__EXERCISE DIRECTIONS__: Scan the data below for lines holding the word "Black", and copy each line found.

***** MATERIALS PROVIDED *****

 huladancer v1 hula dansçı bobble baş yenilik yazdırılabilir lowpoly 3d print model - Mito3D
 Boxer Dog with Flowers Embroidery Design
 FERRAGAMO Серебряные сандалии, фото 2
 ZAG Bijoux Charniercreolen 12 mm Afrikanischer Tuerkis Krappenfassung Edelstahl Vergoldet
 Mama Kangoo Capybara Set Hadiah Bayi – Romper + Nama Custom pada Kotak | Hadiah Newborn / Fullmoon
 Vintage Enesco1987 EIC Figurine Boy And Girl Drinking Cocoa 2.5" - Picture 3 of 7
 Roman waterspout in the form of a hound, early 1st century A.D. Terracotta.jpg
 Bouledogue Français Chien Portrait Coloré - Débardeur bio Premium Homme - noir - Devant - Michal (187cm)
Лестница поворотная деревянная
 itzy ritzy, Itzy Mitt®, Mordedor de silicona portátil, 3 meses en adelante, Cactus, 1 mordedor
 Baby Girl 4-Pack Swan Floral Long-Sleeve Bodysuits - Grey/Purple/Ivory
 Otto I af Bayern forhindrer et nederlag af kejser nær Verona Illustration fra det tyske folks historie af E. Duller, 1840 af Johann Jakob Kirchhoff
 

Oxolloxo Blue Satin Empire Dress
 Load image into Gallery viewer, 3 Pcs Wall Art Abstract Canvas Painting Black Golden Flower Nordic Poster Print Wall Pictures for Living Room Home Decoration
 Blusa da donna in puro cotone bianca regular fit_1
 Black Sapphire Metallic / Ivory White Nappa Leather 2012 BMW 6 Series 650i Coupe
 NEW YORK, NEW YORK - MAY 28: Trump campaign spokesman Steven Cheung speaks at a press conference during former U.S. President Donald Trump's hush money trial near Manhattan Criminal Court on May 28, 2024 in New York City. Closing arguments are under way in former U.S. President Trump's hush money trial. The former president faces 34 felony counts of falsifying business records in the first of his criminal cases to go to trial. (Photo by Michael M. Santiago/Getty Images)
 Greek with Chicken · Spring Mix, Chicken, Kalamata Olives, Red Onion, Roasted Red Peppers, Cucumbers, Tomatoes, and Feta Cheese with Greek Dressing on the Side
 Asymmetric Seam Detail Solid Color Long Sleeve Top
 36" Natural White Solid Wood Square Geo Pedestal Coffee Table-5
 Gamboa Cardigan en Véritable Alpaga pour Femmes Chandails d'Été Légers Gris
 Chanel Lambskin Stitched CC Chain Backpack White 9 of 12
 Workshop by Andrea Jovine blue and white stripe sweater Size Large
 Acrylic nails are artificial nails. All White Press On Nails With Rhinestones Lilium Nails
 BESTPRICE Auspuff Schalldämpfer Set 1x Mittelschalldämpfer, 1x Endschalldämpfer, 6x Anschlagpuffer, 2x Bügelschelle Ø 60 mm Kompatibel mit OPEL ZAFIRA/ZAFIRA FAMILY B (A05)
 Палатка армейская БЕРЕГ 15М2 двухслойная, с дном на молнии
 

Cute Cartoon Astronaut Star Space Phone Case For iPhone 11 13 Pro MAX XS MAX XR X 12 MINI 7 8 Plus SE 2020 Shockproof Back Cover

*****

__EXPECTED ANSWER__:
 Load image into Gallery viewer, 3 Pcs Wall Art Abstract Canvas Painting Black Golden Flower Nordic Poster Print Wall Pictures for Living Room Home Decoration
 Black Sapphire Metallic / Ivory White Nappa Leather 2012 BMW 6 Series 650i Coupe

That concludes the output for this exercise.